As per the more widely used exchange rate-based estimate, the US economy was almost double the size of China’s even as late as 2012. But the assessment at a common price level, a more pertinent one, would indicate the professedly communist country outdoing the US to become the world’s largest economy this year, well ahead of the previously thought 2019, reports
fe Bureau in New Delhi.
Gauged by purchasing power parity (PPP), China’s economy was already 87% of that of the US in 2011, a sharp climb up from 45% in 2005, going by the 2011 Round of the World Bank’s International Comparison Program (ICP) released recently.
What bolsters the prediction is the fact that China’s economy grew 24% between 2011 and 2014 while the US is believed to have expanded only 7.6% during the period.
The world economy’s reorganisation aided by rapid strides by emerging and developing countries was also reflected in India zooming past Japan and seven other countries to be the third largest economy in terms of PPP in 2011. Only the US and China were ahead of India. India’s economy was 37% of US’ on a PPP basis, a great improvement from 18.9% in 2005, revealed the World Bank-ICP report.
“The six largest middle-income economies — China, India, Russia, Brazil, Indonesia and Mexico — account for 32.3% of world GDP, whereas the six largest high-income economies — US, Japan, Germany, France, United Kingdom, and Italy — account for 32.9%,” the report said. Clearly, things have already evened out.
The ICP’s is by far the most extensive effort to gauge PPPs across countries. Put differently, the US’ share in world GDP according to PPP was 17.1% in 2011 and that of China 14.9%. India’s was 6.4%.
Going forward, the investment expenditure figures put out by ICP clearly indicate that the balance of economic power could tilt more decisively in favour of countries in the Asia and the Pacific region. “At 27%, China now has the largest share of the world’s expenditure for investment (gross fixed capital formation); followed by the US at 13%. India, Japan and Indonesia follow with 7%, 4% and 3%, respectively,” the report said.

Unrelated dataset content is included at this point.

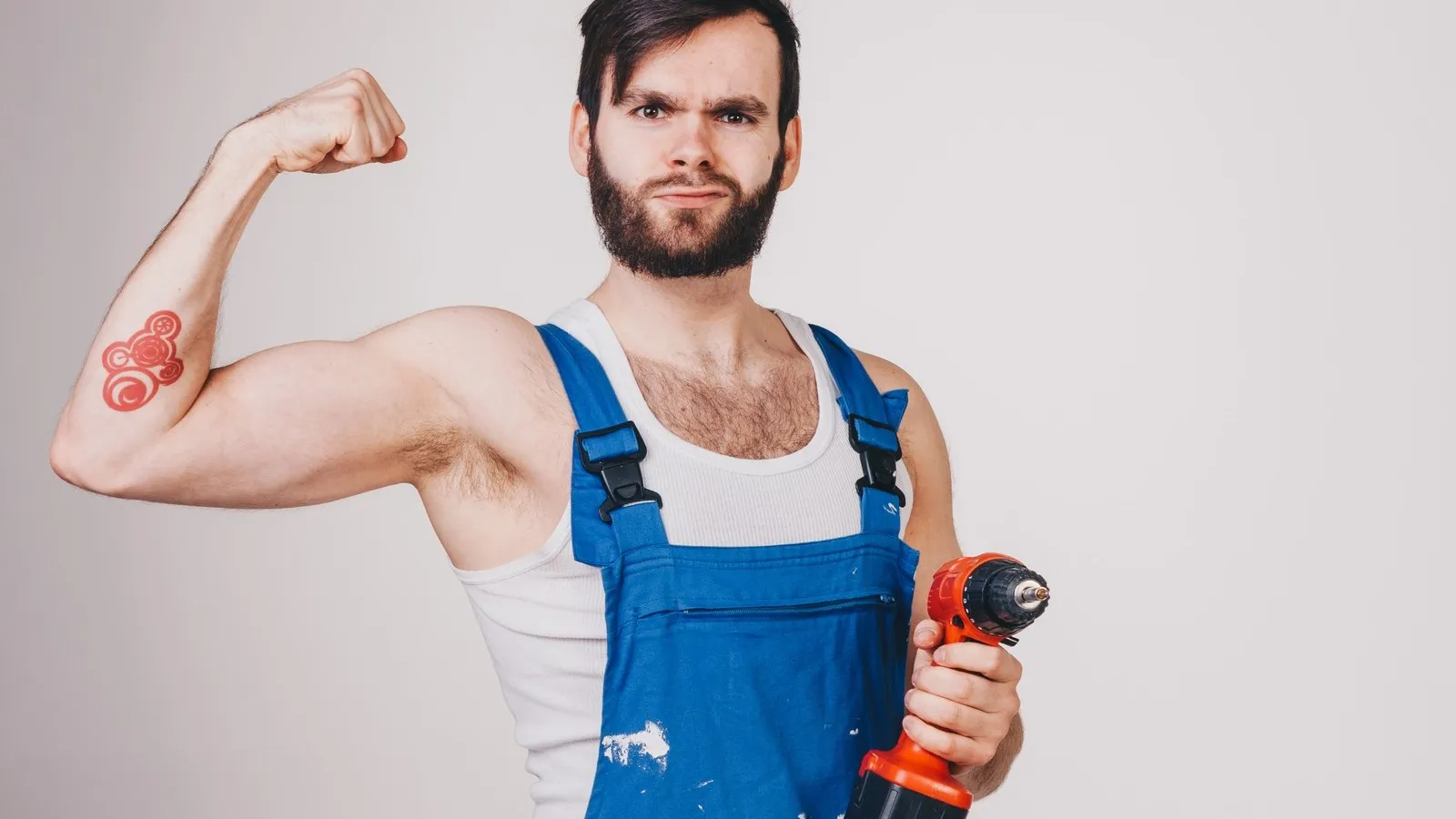 Handwerker in Arbeitskleidung spielt mit Muskeln und zeigt Bohrmaschine.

PPP estimates reveal the real cost of living and are considered a better measure than one using volatile exchange rates to estimate the size of economies. The International Monetary Fund has estimated the US GDP in 2012 at $16.2 trillion and China’s at $8.2 trillion. As per the ICP’s new data, the world economy produced goods and services worth over $90 trillion in 2011, and almost half of the world’s total output came from low- and middle-income countries.
But the ICP admitted to the limitations of the data. “The ICP is designed to compare levels of economic activity across economies, expressed in a common currency, in a particular benchmark year. As such, PPP-based expenditures are not directly comparable with the 2005 ICP round estimates because they are based on two different price levels,” the report said.